Il governo è intervenuto per limitare in modo grave il diritto di sciopero, precettando i lavoratori. Matteo Salvini, che è il ministro delle Infrastrutture e dei trasporti ma anche il vicepresidente del Consiglio, può darsi speri di sottrarre un po’ di visibilità a Giorgia Meloni: scavalcandola a destra.

Dichiara, addirittura, che avrebbe agito anche senza il parere della Commissione di garanzia (che pure per molti non è stata imparziale). Salvini si assume quindi la piena paternità dell’ordinanza di precettazione, ne rende chiaro a tutti il significato politico. Il suo partito aggiunge parole di insulto verso i lavoratori che scioperano e verso i sindacati: «Landini vuole farsi il weekend lungo».

È soltanto un episodio? Nei paesi che hanno visto progressivamente cadere le proprie libertà, l’attacco al diritto di sciopero è una tappa fondamentale: il primo passo, spesso, perché è nella forza organizzata del movimento dei lavoratori che si trova, di solito, l’opposizione sociale più forte ai governi autoritari di destra e perché – contrariamente a quel che recita una certa vulgata – diritti sociali e libertà civili e politiche si tengono tutti insieme: di solito è stato così negli ultimi centocinquant’anni, in generale, e nella storia d’Italia in particolare.

Un governo invasivo

Questo attacco al diritto di sciopero, con fare pretestuoso e condito di insulti, lede quindi in modo serio le libertà degli italiani, di noi tutti, punta a minare le fondamenta della costituzione democratica. Se anche fosse un solo episodio, non andrebbe sottovalutato. Ma non è un solo episodio.

Sin dall’inizio, questa maggioranza ha messo nel mirino il pluralismo dell’informazione. La Rai ha perduto in poco tempo tutte le sue voci più autorevoli non allineate con il governo. Tutte. E i giornali indipendenti, che non risparmiano critiche ai ministri, vengono intimiditi con le querele. Poi, certo, oggi il duopolio Rai-Mediaset non è più tale (per fortuna) e anche le reti televisive contano meno che in passato, nell’orientare l’opinione pubblica. E contano meno anche i giornali (purtroppo).

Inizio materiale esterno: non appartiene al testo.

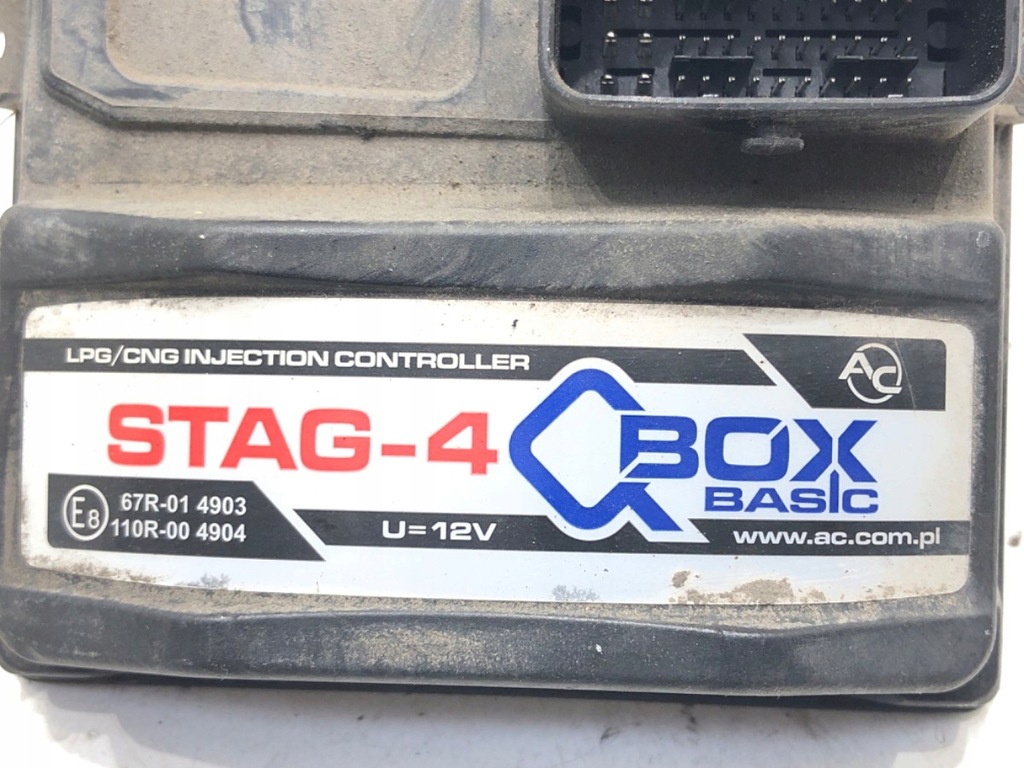 ΕΛΕΓΚΤΗΣ ΥΠΟΛΟΓΙΣΤΗ STAG-4 LPG Product image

Ma sarebbe miope non vedere il tentativo del governo di controllare politicamente l’informazione, in tutti i luoghi e le forme in cui gli è possibile. Con una pervicacia, attenzione, che non si vedeva in Italia da almeno mezzo secolo. L’invasività del governo nel mondo della cultura, il modo in cui vengono trattate importanti istituzioni culturali (si pensi al Piccolo di Milano), è altrettanto preoccupante: rivelatrice.

La deriva

Ma c’è dietro un disegno più ampio, che punta a scardinare il nostro assetto democratico per trasformarci in un paese semi-autoritario? Non possiamo escluderlo, e non dobbiamo. Intanto, perché i modelli internazionali di Meloni, e di Salvini, questo fanno, ovunque nel mondo. Secondo, per il disegno di riforma costituzionale, che altera profondamente l’equilibrio dei poteri.

È una riforma così contraddittoria, anche con le sue intenzioni, che viene criticata perfino da esperti considerati vicini alla maggioranza. Ma Meloni ha già lasciato intendere che si prepara al referendum. Si giocherà tutto.

E tantopiù perché la riforma è pessima, c’è da credere, punterà al controllo dell’informazione, per vincere con una propaganda a tappeto. A quel punto non avrà più argini. Nel frattempo Salvini ha messo in chiaro che, da quelle parti, l’alternativa a Meloni non è certo migliore. Contro queste destre, la partita per salvare la nostra democrazia e le nostre libertà è incominciata: va dal lavoro all’informazione, dalla cultura alle istituzioni.